EXERCISE INSTRUCTIONS - Locate "Certified Natural Grade" in the records below, then copy its line and every following line exactly, without the pictures.

--- THE DATA Enclosed Below ---

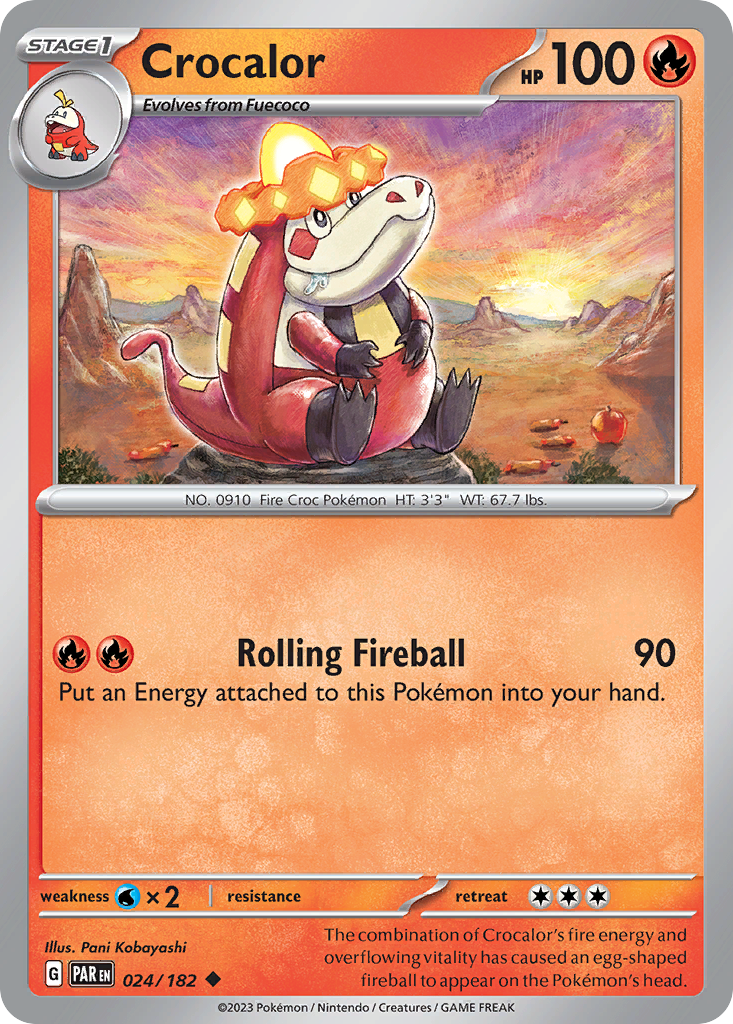 Crocalor 24 Paradox Rift Pokémon card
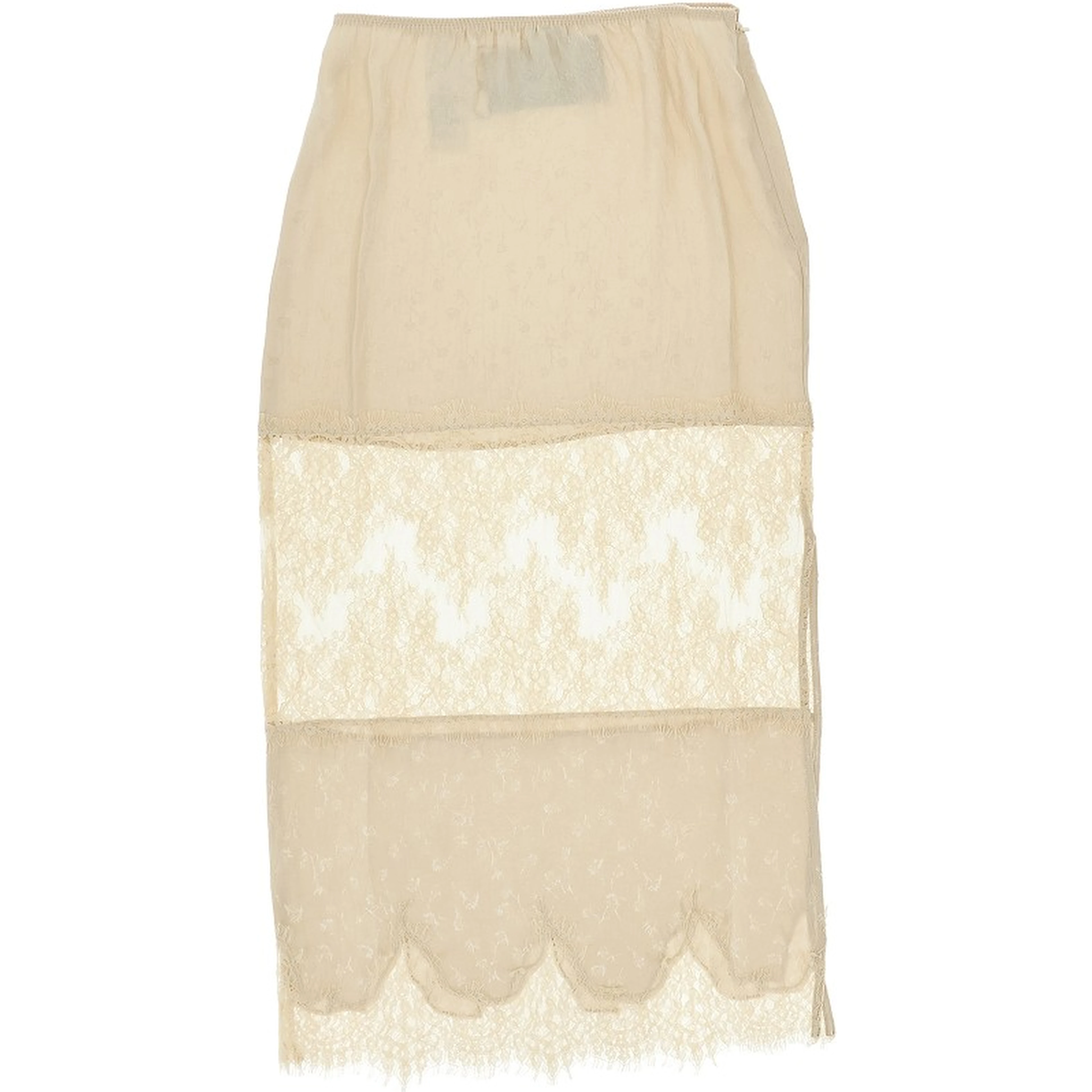 Jacquard and lace midi skirt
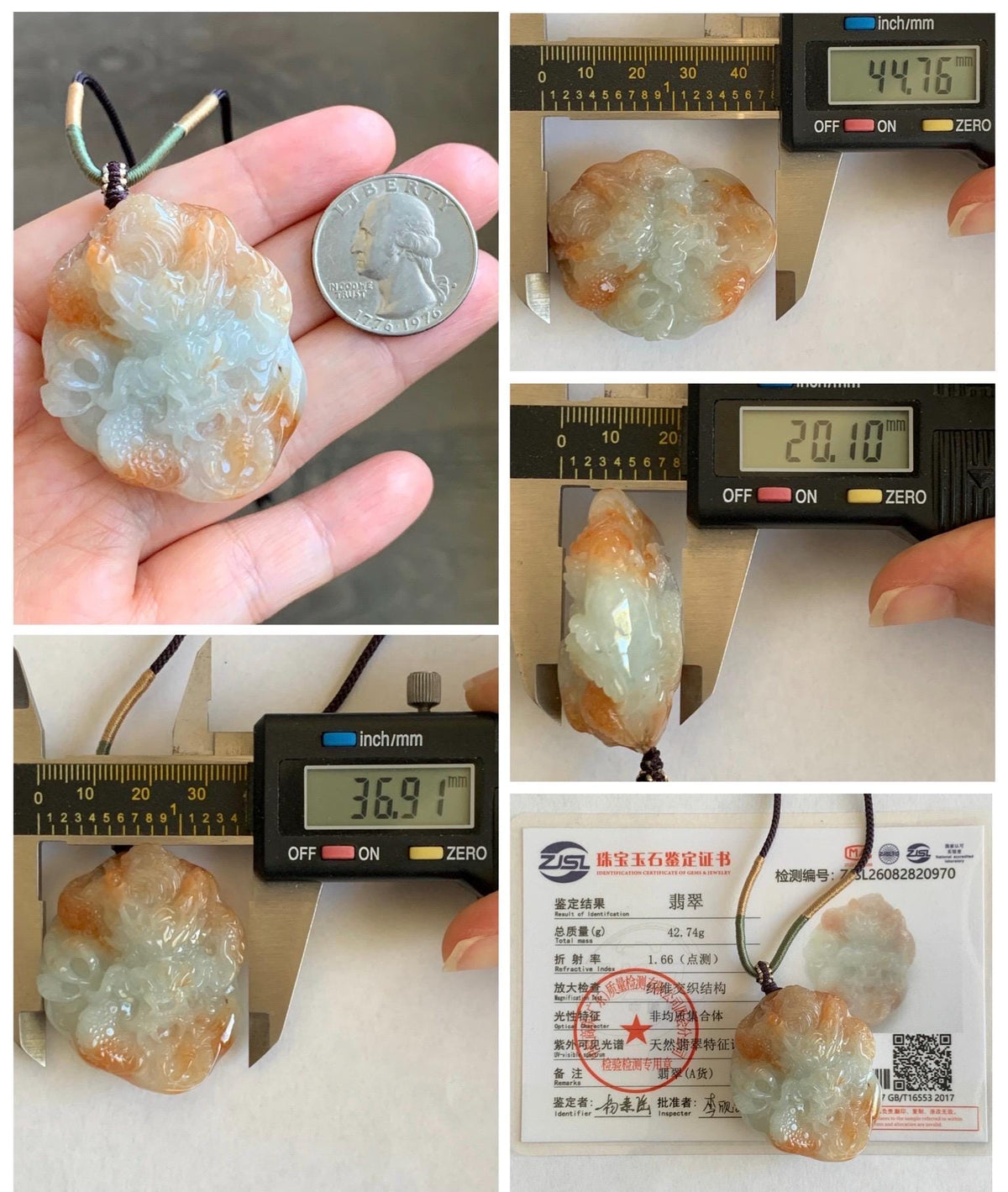 Certified Natural Grade A Icy Translucent Rust Red Marbled Jade Jadeite Carved Dragon Pendant Rope Necklace 24” 43g 天然冰胶飘红翡翠龙牌项链 970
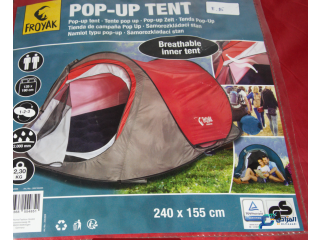 Tente de camping pop-up pour 4 personnes en noir -rouge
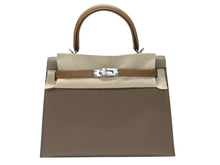 Load image into Gallery viewer, 未使用 HERMES エルメス KELLY ケリートリコロール25 外縫い 2WAYハンドバッグ ヴォーエプソン トープ アルザン ビスキュイ シルバー金具 U刻印 中古 4b005109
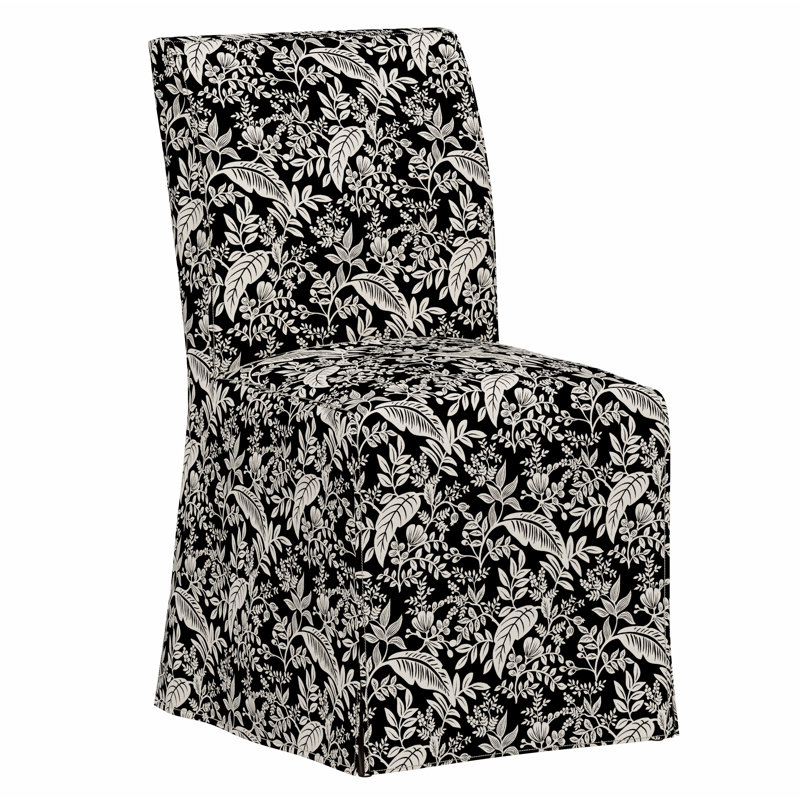 Frances Slipcover Dining Chair, Rpc Canopy Black & Cream Linen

--- End of Enclosed THE DATA ---

WRITTEN RESPONSE -
 Certified Natural Grade A Icy Translucent Rust Red Marbled Jade Jadeite Carved Dragon Pendant Rope Necklace 24” 43g 天然冰胶飘红翡翠龙牌项链 970
 Tente de camping pop-up pour 4 personnes en noir -rouge
 Load image into Gallery viewer, 未使用 HERMES エルメス KELLY ケリートリコロール25 外縫い 2WAYハンドバッグ ヴォーエプソン トープ アルザン ビスキュイ シルバー金具 U刻印 中古 4b005109
 Frances Slipcover Dining Chair, Rpc Canopy Black & Cream Linen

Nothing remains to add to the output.